Oggi 'Libero' mi dedica l’attenzione dell’intera sua prima pagina: "Se l’Italia è razzista, la Kyenge è cinese”. Un bel gioco di prestigio: immaginare di far scomparire la realtà con un semplice gioco di parole. Siccome io non sono cinese e siccome l’Italia non è un paese razzista, due cose vere, il pericolo del razzismo in Italia non esisterebbe.
Ci provo anch’io: siccome il direttore Feltri non è giapponese e gli Italiani non sono mafiosi, due cose vere, la mafia e i mafiosi in Italia non esistono. Fatto, la mafia è scomparsa?

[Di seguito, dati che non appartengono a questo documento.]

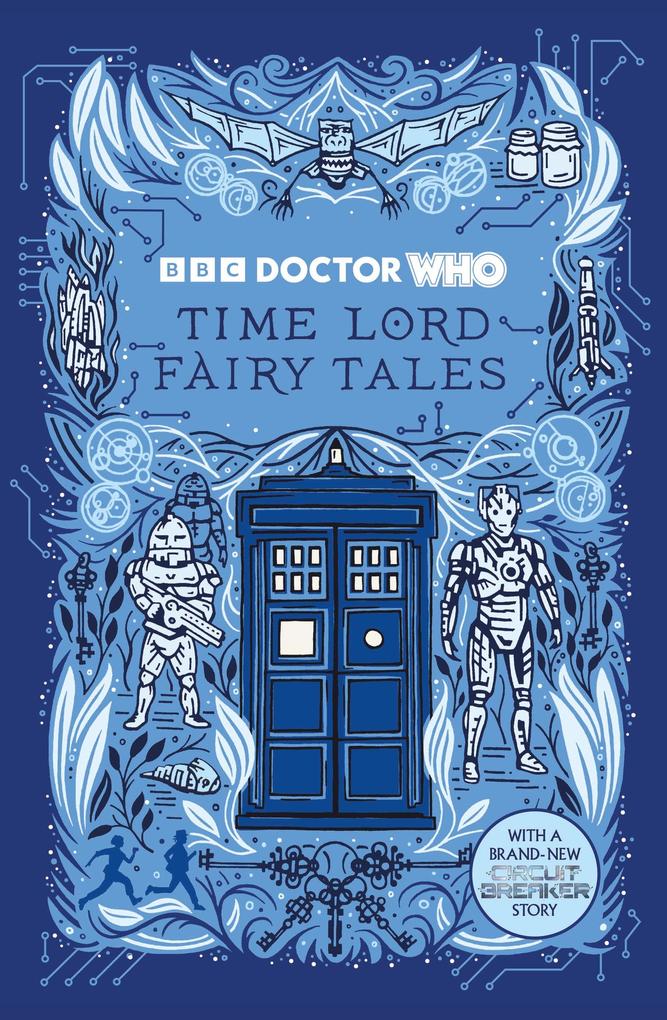 Doctor Who: Time Lord Fairy Tales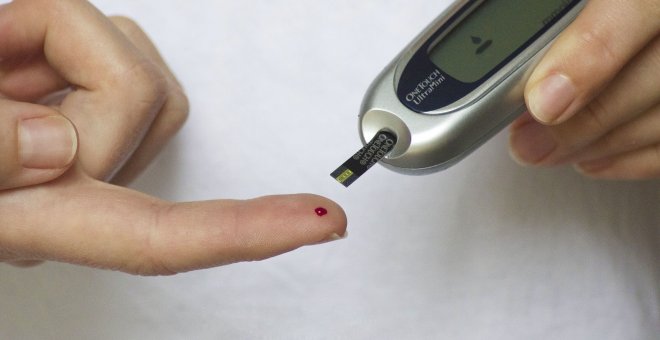 Se estima que en España seis millones de personas padezcan diabetes, pero casi la mitad estén sin diagnosticar. / Pixabay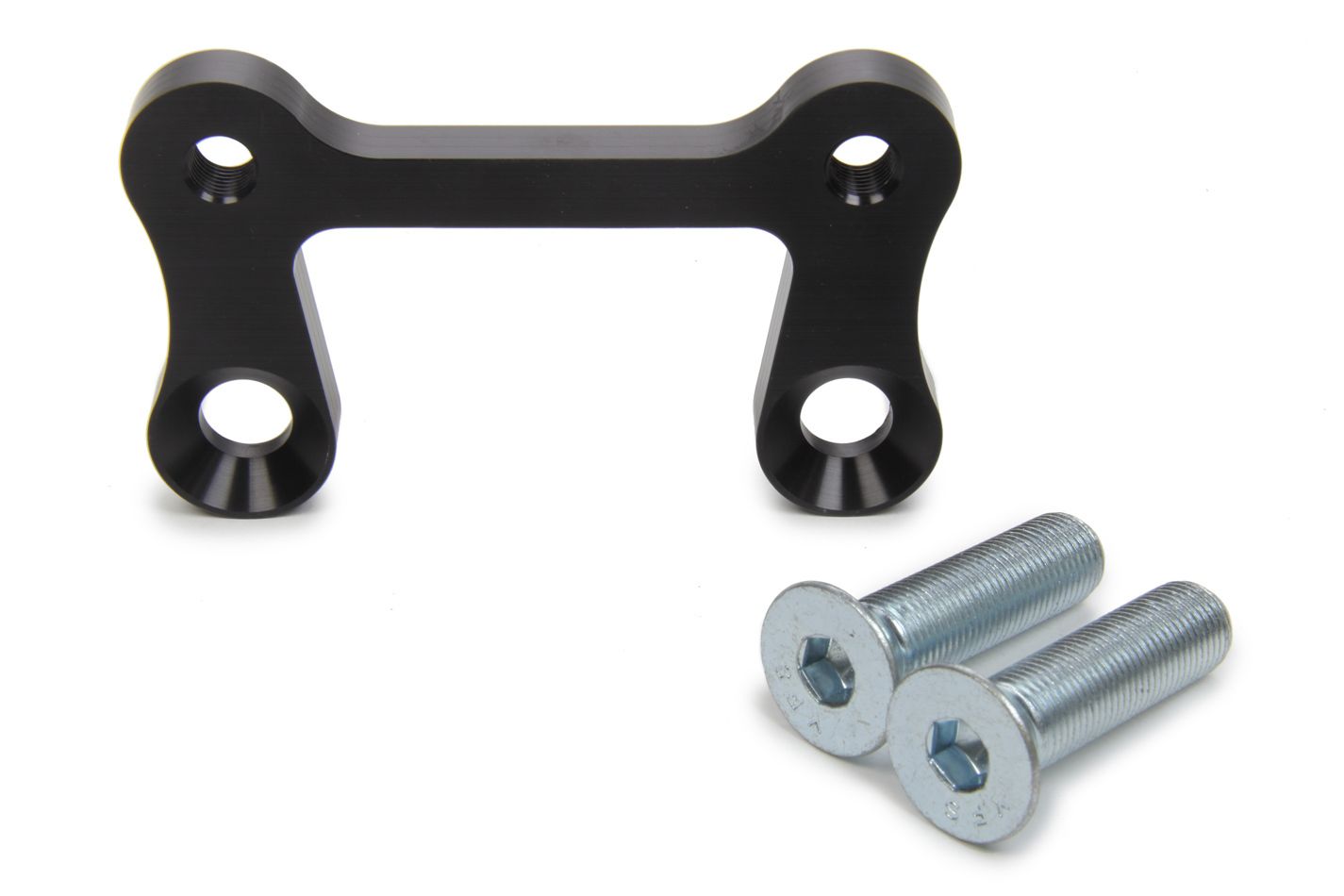 TRIPLE X RACE COMPONENTSFront Brake Mount 10-7/8 Rotor Black With Bolts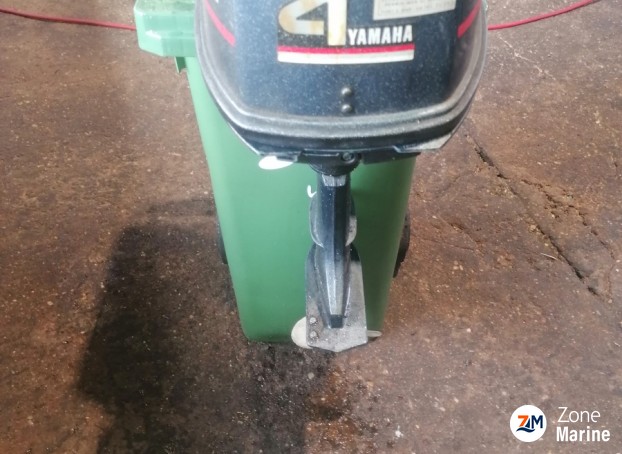 Hors bord Yamaha 4 Chevaux 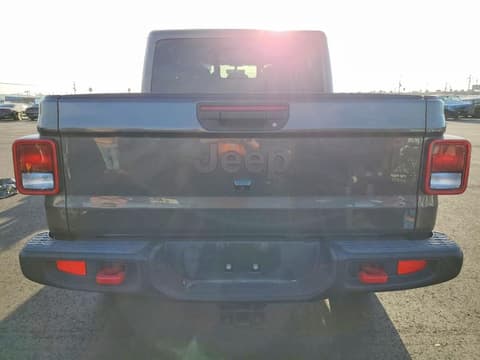 2022 Jeep Gladiator, VIN 1C6JJTBG2NL115130. Фото 6 з 6 з аукціону Copart. Каталог авто зі США OpenDataCar.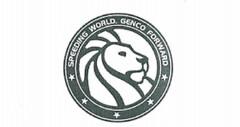 SPEEDING WORLD, GENCO FORWARD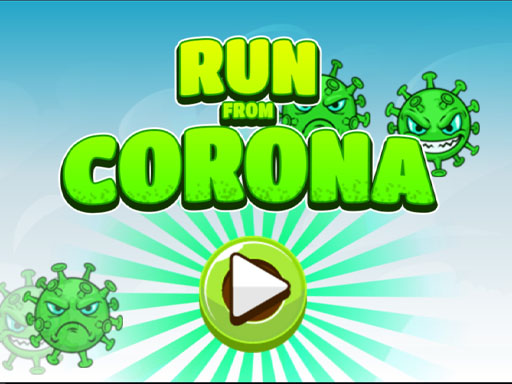 Run From Corona online game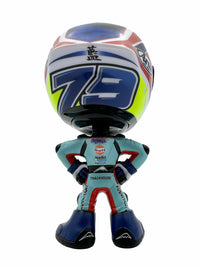 Trackhouse Ai Ogura Revheadz with Gulf Suit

Finito il gioco, inizia la realtà.
Che l’Italia non sia un Paese razzista, io l’ho detto mille volte, e lo continuerò a dire fino allo sfinimento. Ma è un fatto, tanto quanto il dato che io non sono cinese e Feltri non è giapponese, l’abile e sistematico gioco politico a lucrare sul malessere sociale del Paese, che ha altre cause, additando gli stranieri a capro espiatorio dei nostri mali.
Questo ‘gioco' si chiama istigazione all’odio razziale, questo 'gioco' si chiama razzismo. E in questo caso incide sulla realtà: rischia di avvelenare il Paese che avrebbe bisogno di concentrare le proprie energie per risolvere i suoi veri problemi, non di essere aizzato all’odio verso persone che vengono da altri paesi e hanno un diverso colore della pelle.
L’Italia è il mio Paese, amo il mio Paese, e proprio per questo combatto perché non si faccia avvelenare dal male oscuro del razzismo.